BNP Paribas, Societe Generale, Citigroup Global Markets, and Nomura Singapore are foreign investors that participated in the anchor round.
The company plans to raise about Rs 640 crore through the IPO, which closes on September 27.
Analysts are dividend on the company's prospects. While they believe the company has successfully created a niche through marque clients, past acquisitions and operational efficiency, they remain concerned over the valuations.
«The company has aimed for high margin through value-added services with the support of the latest technology in its portfolio.
On the valuation front, we believe that the company is fairly priced. Thus, we recommend a Subscribe – Long Term rating to the IPO,» Anand Rathi said.
The issue comprises a fresh equity of Rs 400 crore and an offer for sale (OFS) of 80 lakh shares by the promoter and other selling shareholders.
The company has fixed the price band at Rs 280-300 per share and investors can bid for a minimum of 50 shares in one lot and in multiples thereafter.

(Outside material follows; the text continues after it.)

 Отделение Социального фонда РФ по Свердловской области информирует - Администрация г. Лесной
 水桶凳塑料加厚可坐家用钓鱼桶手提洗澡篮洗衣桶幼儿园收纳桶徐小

About 75% of the offer is set aside for qualified institutional buyers (QIBs), 15% is reserved for non-institutional investors (NIIs) and 10% for retail investors.
Net proceeds will be used towards funding working capital requirements, repayment of debt, pursuing inorganic initiatives and other general corporate purposes.
«If we attribute FY23 earnings to the post-IPO fully diluted paid-up equity capital of the company, the asking price is at a P/E of 44.8x, and we believe it to be priced aggressively.
We, therefore, recommend an “Avoid” rating for the issue. However, we would reassess the company on improvement in financial metrics over a sustained period,» said Stoxbox.